Deploying into Combat…


As I arrived back in the barracks I felt confused, disoriented and dizzy. I didn’t know how to fix my mama’s pain and that really bothered me. The endless amount of activity I was about to be thrown into, however, would wash those feelings from my psyche like a thunderstorm washing dirt off the sidewalk. Over the next few months, our equipment, supplies and personnel would more than quadruple. We would have to train soldiers who were being pulled from all over Europe and out of the Medical companies on the Air Base and being assigned to 12th Evac.. Our training would include how to build our hospital, store and inventory our equipment and ultimately load all of the above onto a “rail head”. A rail head was a rail freight train.

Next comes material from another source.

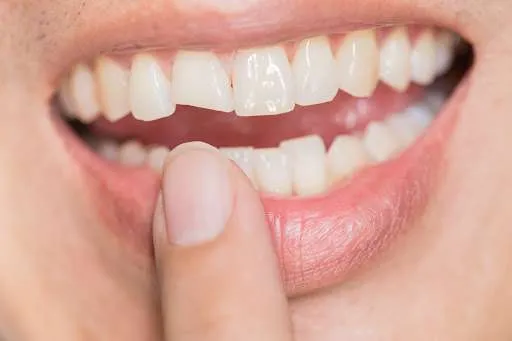 how to fix a chipped tooth at home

Our supplies, equipment, vehicles, Milvans and expandable Iso’s would serve as the freight. The freight would be loaded onto a ship and brought to the coast of Saudi Arabia in the Persian Gulf.

As we were training soldiers how to be 12th Evac. ready, we were getting more and more equipment and supplies. As new supplies came in we would have to inventory it, rotate it into training and ultimately load it into Milvans. We would work seven days a week upward of 16 to 18hr days to complete this objective. However, we didn’t officially find out we were slotted for deployment to “Operation Desert Shield” until mid October. The reality of not knowing yet assuming the worst was beginning to wear on us all. The press was giving us more information then our chain of command. We were learning about Saddam Hussein’s ruthlessness, his stance towards Israel and his apparent desire to destroy all American Troops deployed to Islam’s sacred land, Saudi Arabia. As a 20 year old soldier, my only way to deal with the mounting uncertainty was to have fun and laugh with my over worked friends.

Military humor is a unique blend of offensive sarcasm mixed with self deprecating acts and sexual inappropriateness. Chain gang style work was the most effective method to involve everyone and get maximum results in a short amount of time. I can not give an accurate amount of times we had passed heavy equipment, that had been inventoried, to another soldier with our penis’ out. This simple act somehow made the longest day seem to pass with ease. The more surprised someone was to see a freed penis the funnier it seemed to be. The jokes that followed penis freeing were endless and brutal.

The workload and hours seemed to be a welcomed distraction from the reality of what we all faced. As men and women continued to be reassigned to our company, the penis joke would be brought back to life. The day my buddy Dan showed up with orders reassigning him, I made sure he stood between two men on the chain gang to get a fuller affect. After he created a big scene and drew a lot of attention to the freed penises, I couldn’t help but feel grateful he was now with us.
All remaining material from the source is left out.